• [Work instruction]
With all images left out, restate the records below exactly as written.

(Beginning of The data)

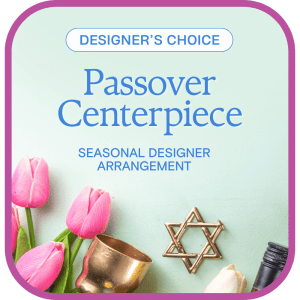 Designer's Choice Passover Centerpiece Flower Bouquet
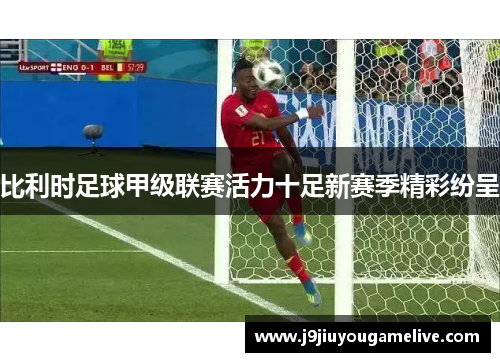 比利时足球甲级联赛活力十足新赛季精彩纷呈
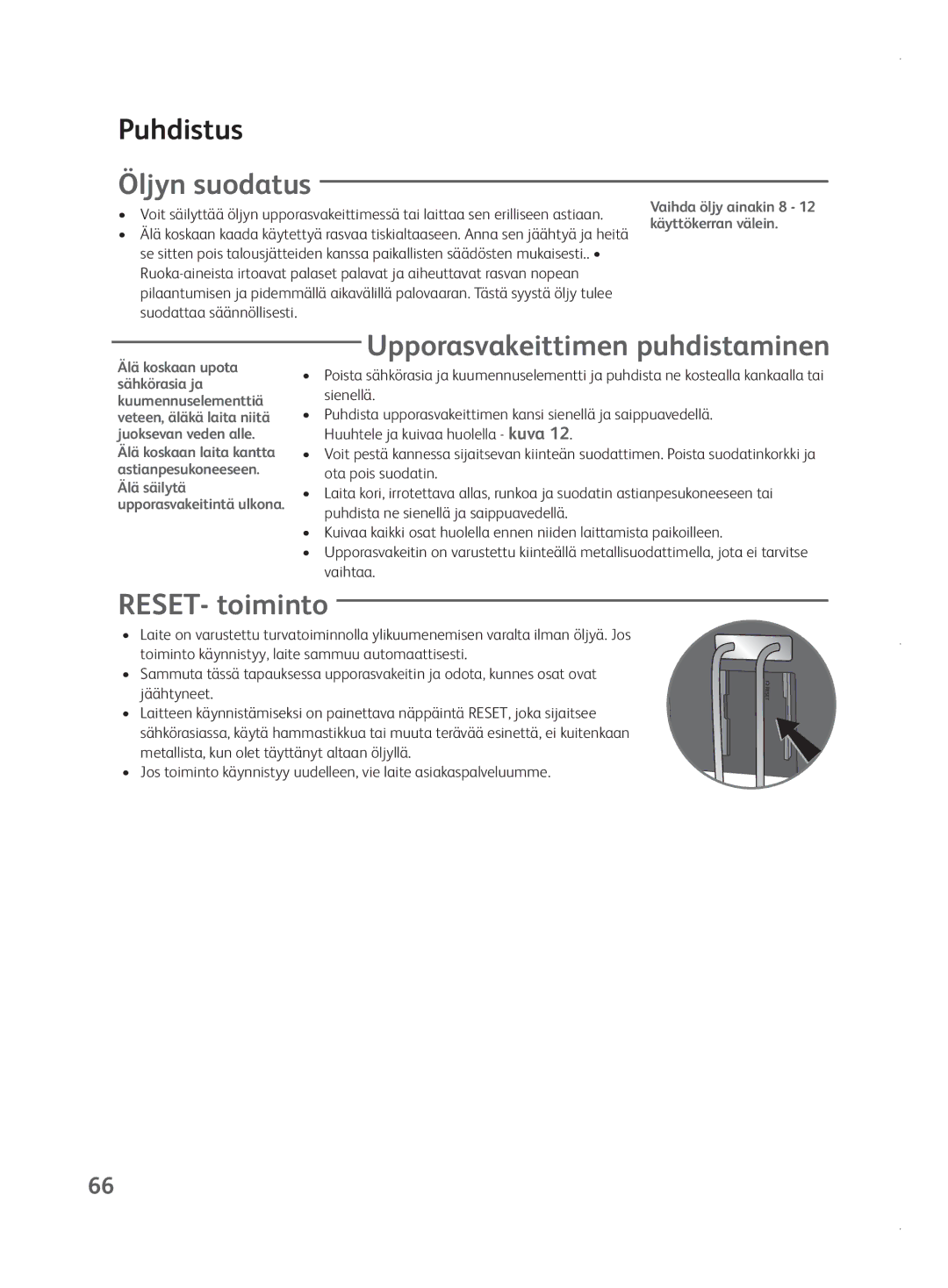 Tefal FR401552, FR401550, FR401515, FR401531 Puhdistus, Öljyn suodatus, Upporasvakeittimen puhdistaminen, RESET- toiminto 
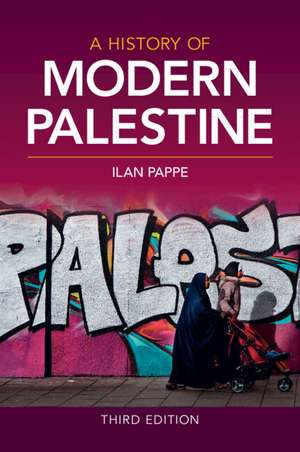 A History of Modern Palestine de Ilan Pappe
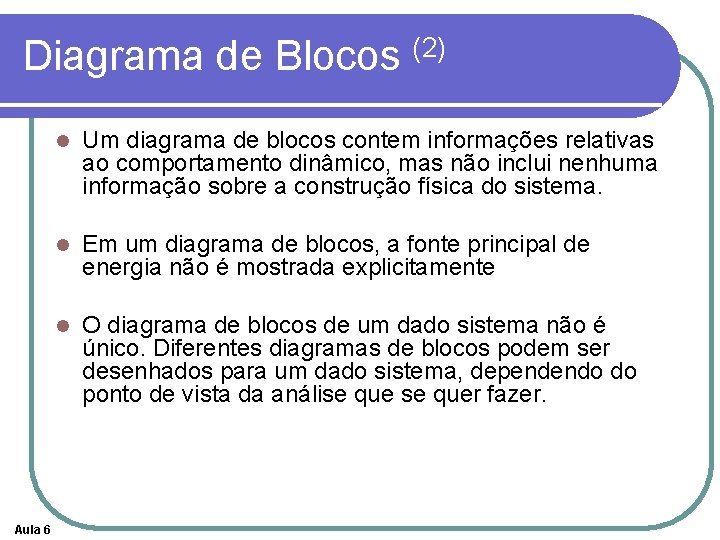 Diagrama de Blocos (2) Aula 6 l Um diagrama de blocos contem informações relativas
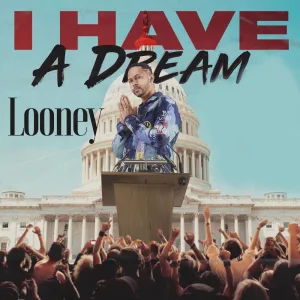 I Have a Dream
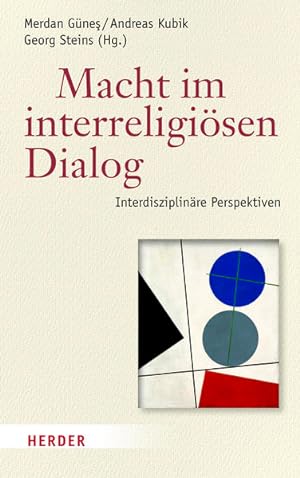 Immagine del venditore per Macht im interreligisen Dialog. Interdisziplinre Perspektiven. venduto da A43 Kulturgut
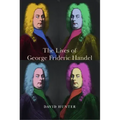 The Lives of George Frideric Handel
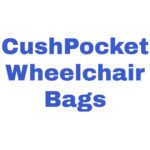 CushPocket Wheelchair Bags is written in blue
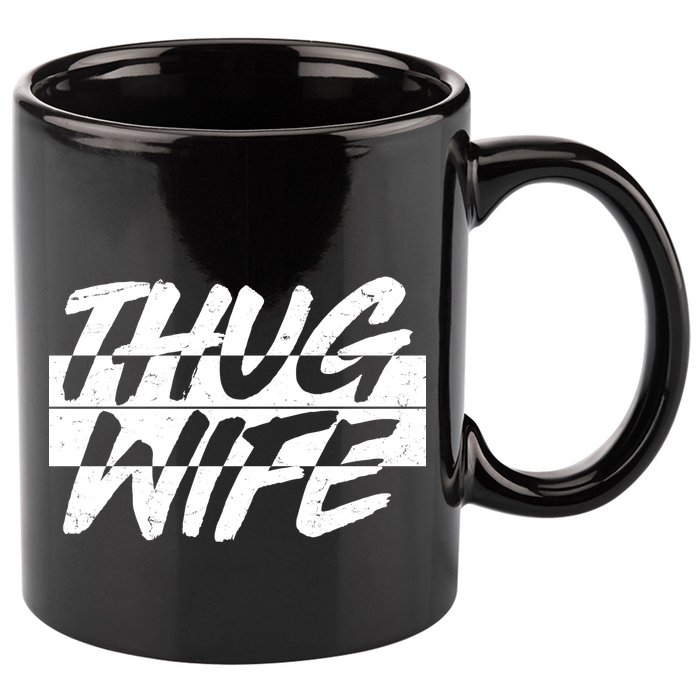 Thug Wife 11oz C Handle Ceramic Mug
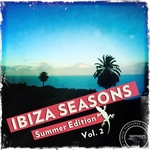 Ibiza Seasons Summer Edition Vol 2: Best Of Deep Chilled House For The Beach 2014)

(End of The data)

• [Written answer]
 Designer's Choice Passover Centerpiece Flower Bouquet
 比利时足球甲级联赛活力十足新赛季精彩纷呈
 Tefal FR401552, FR401550, FR401515, FR401531 Puhdistus, Öljyn suodatus, Upporasvakeittimen puhdistaminen, RESET- toiminto 
 A History of Modern Palestine de Ilan Pappe
 Diagrama de Blocos (2) Aula 6 l Um diagrama de blocos contem informações relativas
 I Have a Dream
 Immagine del venditore per Macht im interreligisen Dialog. Interdisziplinre Perspektiven. venduto da A43 Kulturgut
 The Lives of George Frideric Handel
 CushPocket Wheelchair Bags is written in blue
 Thug Wife 11oz C Handle Ceramic Mug
 Ibiza Seasons Summer Edition Vol 2: Best Of Deep Chilled House For The Beach 2014)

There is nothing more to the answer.